By Drew AIles
By Taylor Boylston
By Bree Davies
By Emerald O'Brien
By Gina Tron
By Jon Solomon
By Drew Ailes
Lawrence Golan knows firsthand that classical music can be a tough sell. As a professor of conducting and director of the Orchestral Studies program at the University of Denver's Lamont School of Music, Golan spends his time teaching the classics to music students and conducting the school's orchestra. Along the way, he's struggled to uphold a musical tradition that has seen its commercial appeal shrink and audience age over the last couple of decades.
"The major labels are dropping classical music," Golan says. "You look out into the audiences and see a lot of gray hair."

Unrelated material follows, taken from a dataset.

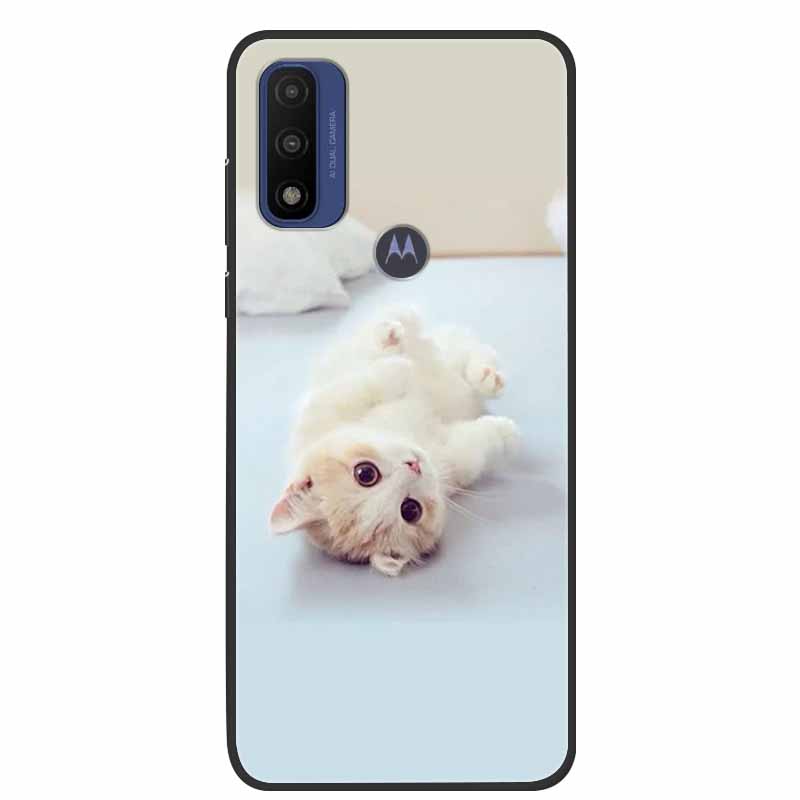 Для Motorola Moto G Pure Чехол Ударопрочный Мягкий Силиконовый Задняя Крышка Для Moto G Pure Чехлы Для Телефона Для Moto GPure 2021 Coque Fundas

Yet he and others who remain committed to the classical style see it as something worth fighting for -- even if that battle pits them against forces that don't seem to have much to do with the world of music. Last fall, Golan became the lead plaintiff in a suit filed in U.S. District Court in Denver challenging two pieces of legislation that make it harder and more expensive for instructors, performers, publishers and cultural organizations to access works of art, including classical-music compositions. In the complaint, Golan points his baton at the Uruguay Round Agreements Act (URAA) and the Sonny Bono Copyright Term Extension Act -- laws that he, his fellow plaintiffs and his attorney say ignore the Constitution's requirement that copyright statutes be of a limited length and that they "promote the Progress of Science and useful arts." Instead, they claim, the acts have created a loophole that yanks the sheet music of many great pieces right out of the hands of performers.
"In a city the size of Denver," Golan says, "no children will hear 'Peter and the Wolf' live again. It won't happen for another twenty years. It's horrible."
"The [laws] don't promote the 'Progress of Science,'" adds Edward Lee of the Stanford Law School Center for Internet and Society in California, which is handling Golan's case pro bono. "How can you promote learning and knowledge when you're removing work from the public domain and making it more difficult to have access to it?" The list of plaintiffs in the case includes distributors of books and films who Lee says are also being hurt by the laws; Festival Films (a distributor of recordings of vintage films and TV shows) and ESS.A.Y Recordings, a distributor of classical music, are among those named in the suit.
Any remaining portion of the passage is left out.